Il true crime che tanto appassiona e incuriosisce lo spettatore ultimamente è di solito incentrato solo sui fatti, che sia narrato o documentato. Ciò che attrae il pubblico è l’osservazione analitica del fatto in sé, nudo e crudo. Questa serie invece riesce a tenere lo spettatore incollato al televisore, grazie al genere di narrazione che fa vivere a chi osserva tutto il dolore, la sofferenza, la solitudine e la disperazione non solo delle vittime e le loro famiglie, ma anche di Dahmer stesso.
Ciò che hanno fatto Murphy e Brennan e che ha reso questa serie vincente su tutti i punti è stato proprio andare oltre, non limitarsi ad osservare e raccontare ma approfondire i personaggi che ruotano intorno a Jeffrey. Lo spettatore soffre insieme ai suoi genitori che non riescono a farsi una ragione di come un bambino tanto dolce possa essere diventato un mostro spregevole e si lasciano quindi sopraffare dal senso di colpa. Soffre insieme alle vittime e i loro familiari e alla nonna che intravede il mostro dentro il ragazzo e cerca di fare tutto ciò che è in suo potere per aiutarlo. Soprattutto però soffre insieme a Glenda Cleveland (Niecy Nash) una delle donne più forti che hanno gravitato intorno a lui, che per anni ha allertato la polizia senza essere ascoltata e attraverso cui ci viene mostrata la grande corruzione delle forze dell’ordine americane tra gli anni Sessanta e Ottanta.

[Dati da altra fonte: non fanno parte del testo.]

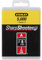 Stanley Klammern Typ A (8 mm, Klammern aus Runddraht für Elektro- und Handtacker Typ A, 5000 Stück) 1-TRA205-5T, Silber
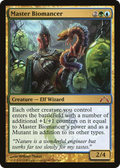 Master Biomancer (GTC-176) - Gatecrash Foil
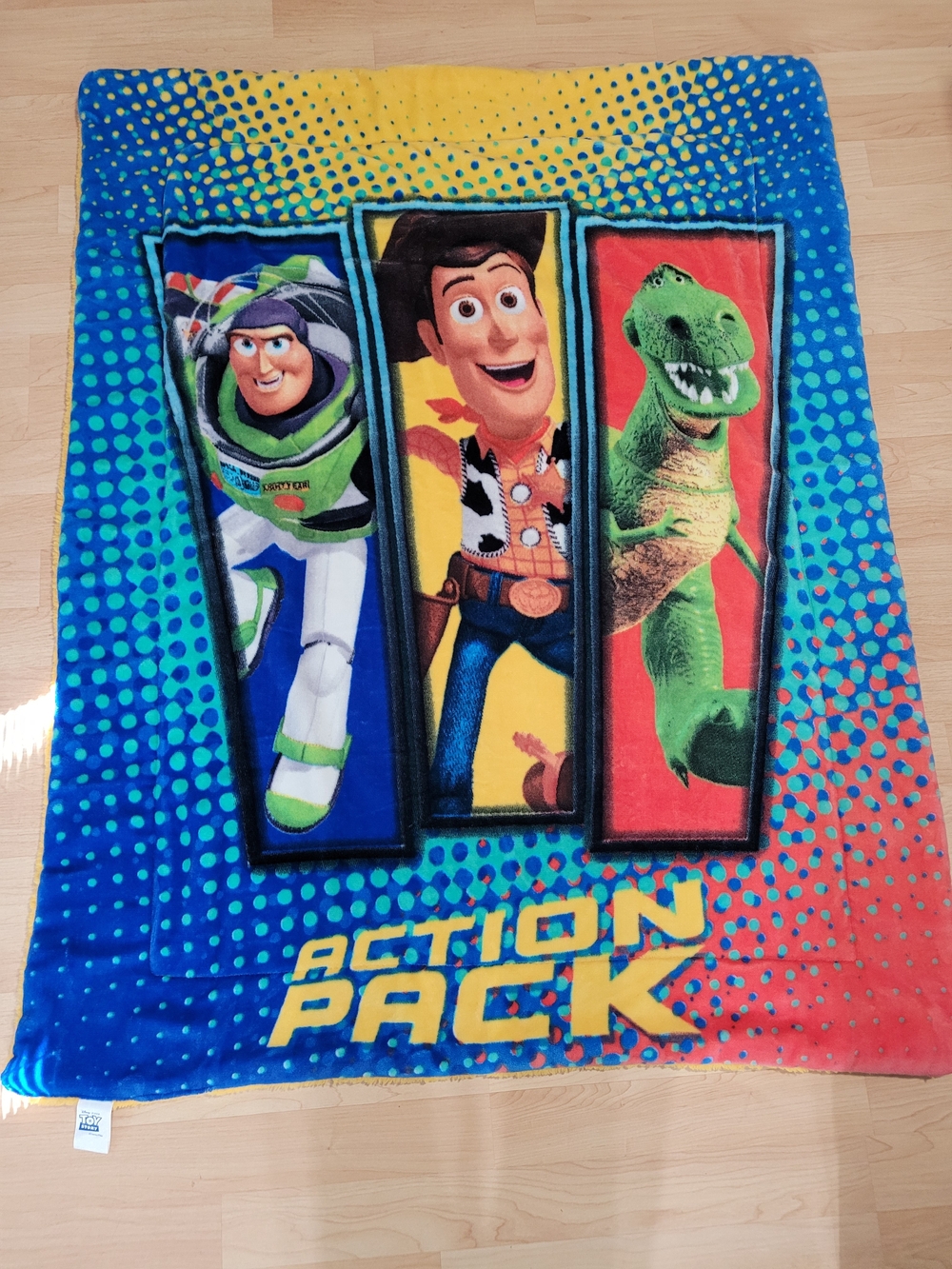 Disney Toy Story Providencia Action Pack Fleece Blanket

Gli sceneggiatori, proprio attraverso il punto di vista di Glenda, hanno voluto soffermarsi sul mostrar come “il diverso” fosse, in quegli anni, emarginato e discriminato. La polizia era corrotta dal pregiudizio e, senza saperlo, ha permesso a un assassino bianco americano di agire indisturbato per anni solo perché le sue vittime erano ragazzi gay appartenenti a minoranze etniche.
Nel suo complesso la serie è davvero ben costruita e le poche critiche che le vengono mosse sono in realtà paure più che giustificate che si possa cadere fin troppo facilmente nella spettacolarizzazione del dolore che la serie in realtà condanna. Evan Peters stesso ha definito quello di Jeffrey Dahmer il ruolo più spaventoso e difficile della sua carriera, ma il tipo di regia e sceneggiatura rischiano di rendere umano un vero e proprio mostro agli occhi di chi guarda facendo empatizzare troppo lo spettatore con il personaggio che non è stato altro che un essere disumano e senza anima.